With the removal of Mohammed Morsi as President of Egypt, the Middle East – and the world – is losing one of the more entertaining world leaders. With ruminations on everything from spaghetti to Planet of the Apes, Morsi had a unique way of portraying a situation in an entertaining manner – if you weren't a resident of Egypt, that is.

One of the main complaints among Egyptians against Morsi was his mishandling of the country's energy needs. Once a natural gas exporter, Egypt now does not have enough money to pay for the oil and gas needed to run the country of more than 80 million. In the past few months, electricity cuts have been the norm. Morsi's advice to Egyptians on the crisis: don't run washing machines at night. “Instead of running the automatic washing machines from 8 to 12 pm, the rush hours for electricity consumption, women should run the washers in the morning,” Morsi said in an interview.

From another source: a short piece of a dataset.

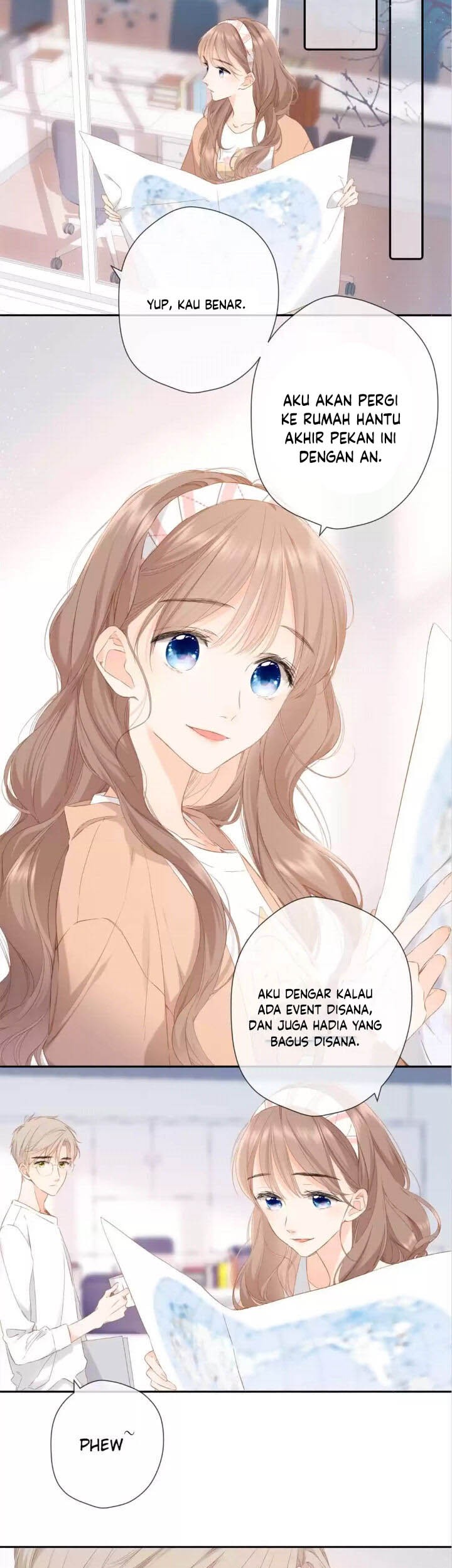 Once More Chapter 36 Gambar 6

A major challenge facing Morsi – and whoever comes after him – is the construction by Ethiopia of a dam on the lower Nile River, which could significantly cut the flow of the Nile into Egypt. Military officials have threatened military action if Ethiopia continues with construction, but Morsi suggested some other ideas. “We will raise our hands to the sky and pray to God, and we will deal with everyone on the basis of mutual love and respect.” In that way, he said, “I’m sure Egypt’s share of the water will not be reduced, it will increase.”

Beyond that, he said, “The Ethiopian prime minister assured me that Egypt would not lose a single drop of water because of the dam.” Morsi made the statement before entering a meeting with his generals about possible military action against Ethiopia.

Morsi's comments have also veered into the bizarre – or at least supernatural. On one occasion, he was asked to write a dedication for the country's “martyrs” who had died in battle. In the dedication, Morsi wrote “Our dear martyrs, my sincere wishes for success.” When asked what he meant – since the opportunity for “success” had passed – Morsi declined to comment.

In a statement that may yet engender a lawsuit from Apple, Morsi once claimed credit for inventing the iPad. “How many people celebrated the fact that we had produced the first Egyptian iPad tablet?,” he asked.

In a memorable interview with Time Magazine last November, Morsy made several choice comments. “It’s not easy to be on the world stage. The world is now much more difficult than it was during your revolution. It’s even more difficult. The world. More complicated, complex, difficult. It’s a spaghetti-like structure. It’s mixed up,” he said.

And in perhaps his most bizarre statement – also from the Time interview - Morsi recollected his viewing of the 1968 Hollywood classic, Planet of the Apes. It was supposed to be a description of how he views politics, but it wasn't clear what he meant. "I remember a movie. Which one? Planet of the Apes. The old version, not the new one. I still remember, this is the conclusion: When the big monkey, he was head of the supreme court, I think — in the movie! — and there was a big scientist working for him, cleaning things, has been chained there.

“And it was the planet of the apes after the destructive act of a big war, and atomic bombs and whatever in the movie,” Morsy continued. “And the scientist was asking him to do something - this was 30 years ago: 'Don’t forget you are a monkey,' and 'Don’t ask me about this dirty work.' What did the big ape, (the monkey) say? He said, 'You’re human, you did it [to] yourself.' That’s the conclusion. Can we do something better for ourselves?”